Input data:
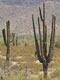 Saguaros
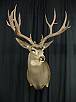 Mule Deer Taxidermy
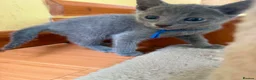 Russian Blue cats for sale: TICA REGISTERED Pure Breed Russian Blue Kittens - Advert 8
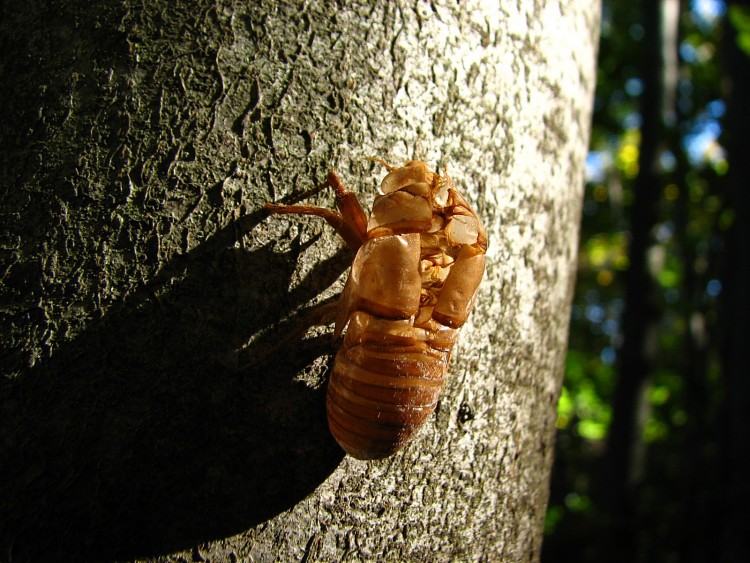 Wallpapers Animals Insects - Cicadas Mue de cigale 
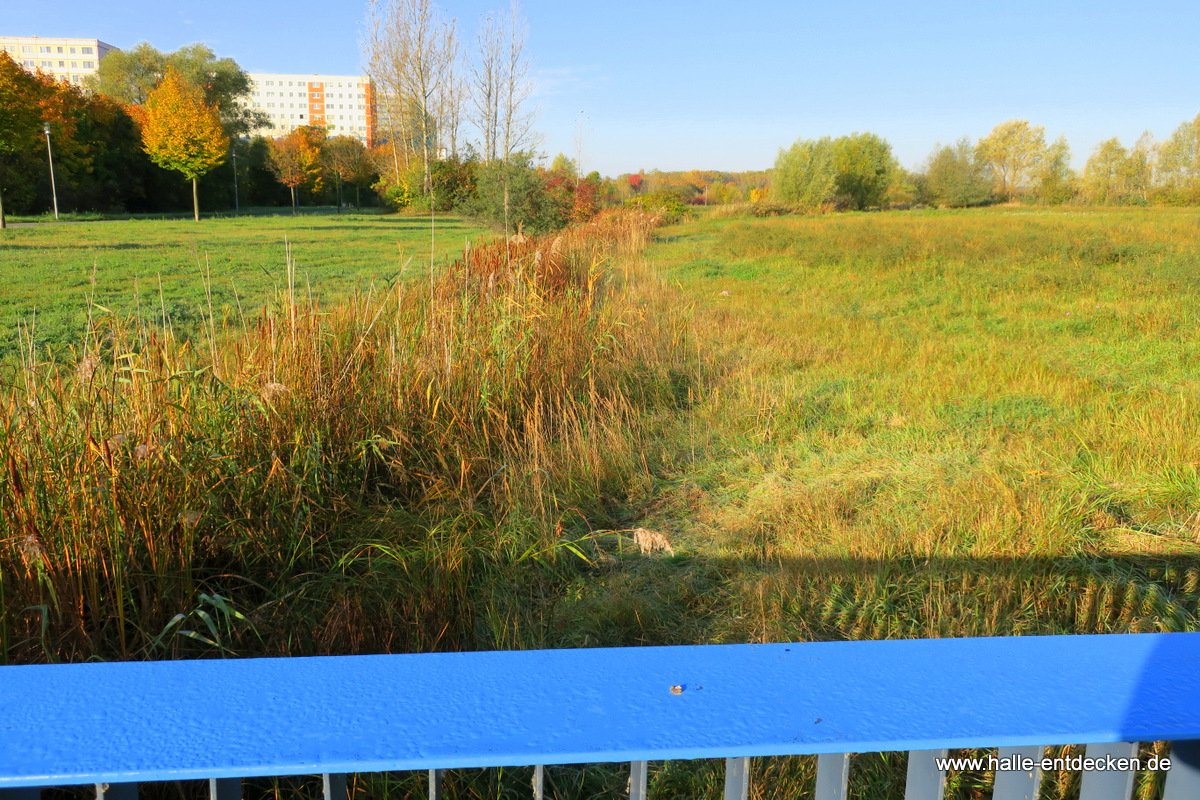 Der Saugraben mit Blick in Richtung Nietleben und die Lise-Meitner-Straße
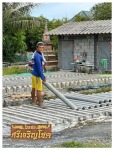 โรงท่อใยหิน กำแพงแสน นครปฐม - Asbestos Pipe Plant Nakhon Pathom Sri Charoen Chok Pipe Plant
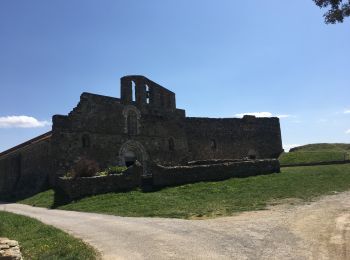 Randonnée Marche Arboussols - Arboussols - Marcevol  - Photo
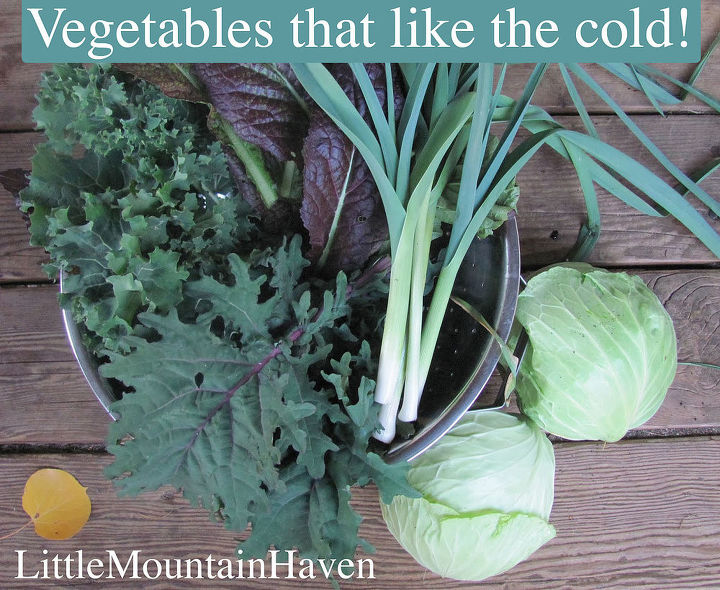 veggies that can handle frosts and even snow, gardening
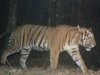 Harimau Kembali Resahkan Warga di Kabupaten Solok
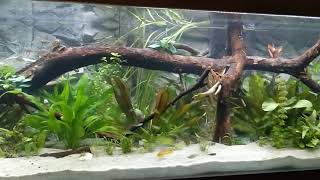 Mein Aquarium mit Rückwand [upl. by Ahsikit]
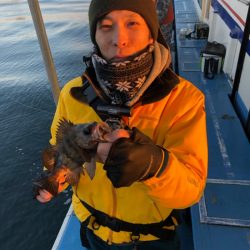 ヤザワ渡船 釣果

Work instructions:
Only the lines from the one containing "Wallpapers Animals Insects" through the final line of the data are to be written out, exactly as they stand and without pictures.

Solution for this task:
 Wallpapers Animals Insects - Cicadas Mue de cigale 
 Der Saugraben mit Blick in Richtung Nietleben und die Lise-Meitner-Straße
 โรงท่อใยหิน กำแพงแสน นครปฐม - Asbestos Pipe Plant Nakhon Pathom Sri Charoen Chok Pipe Plant
 Randonnée Marche Arboussols - Arboussols - Marcevol  - Photo
 veggies that can handle frosts and even snow, gardening
 Harimau Kembali Resahkan Warga di Kabupaten Solok
 Mein Aquarium mit Rückwand [upl. by Ahsikit]
 ヤザワ渡船 釣果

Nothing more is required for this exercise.